We’ve gone through all of the cool string features in Lua, and we can work with UTF8 if we don’t need certain things, but what happens when we need true unicode support? You get a breakdown pretty quickly. It’s hard to break strings down on each character point. It’s also hard to deal with lengths and similar.

Luckily, there is a good UTF8 library which can be installed via Luarocks. For this specific library, unlike our Lunajson library, you’ll need a C compiler set up with Luarocks. Make sure you have GCC or similar on your system before trying to use this library.

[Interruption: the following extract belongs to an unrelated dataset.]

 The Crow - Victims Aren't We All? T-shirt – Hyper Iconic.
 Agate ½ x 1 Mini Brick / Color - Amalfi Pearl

You want to do the following to get it installed on Debian or MacOS:

sudo luarocks install utf8
Installing https://luarocks.org/utf8-1.2-0.src.rock
gcc -O2 -fPIC -I/usr/include/lua5.1 -c lutf8lib.c -o lutf8lib.o
gcc -shared -o utf8.so -L/usr/local/lib lutf8lib.o
utf8 1.2-0 is now installed in /usr/local (license: MIT)

This library doesn’t need much, but works great for dealing with UTF8. I use it in my translation work to split up characters and map Pinyin from dictionaries. This library is called “lua-utf8” (and installed as “luautf8” from Luarocks) for Lua 5.3.

Per the documentation, it includes the following functions:
utf8.byte
utf8.char
utf8.find
utf8.gmatch
utf8.gsub
utf8.len
utf8.lower
utf8.match
utf8.reverse
utf8.sub
utf8.upper

The usage is the same as our standard string functions. To use it, just use the following line of code:

utf8 = require 'utf8'

Or for Lua 5.3:

utf8 = require 'lua-utf8'

Lua Strings

This article covers the basics of string functions in Lua. A lot of these are directly ported from C, but there are some notable differences. I have skipped things which are missing from C and which aren’t commonly used. Most of these functions are fine to use with UTF8, but there are some things missing.

Review this article for when you need some of these functions. You should try to memorize at least a few of the operations as soon as possible. We’ll have some new exercises coming up to work with different real life examples soon enough.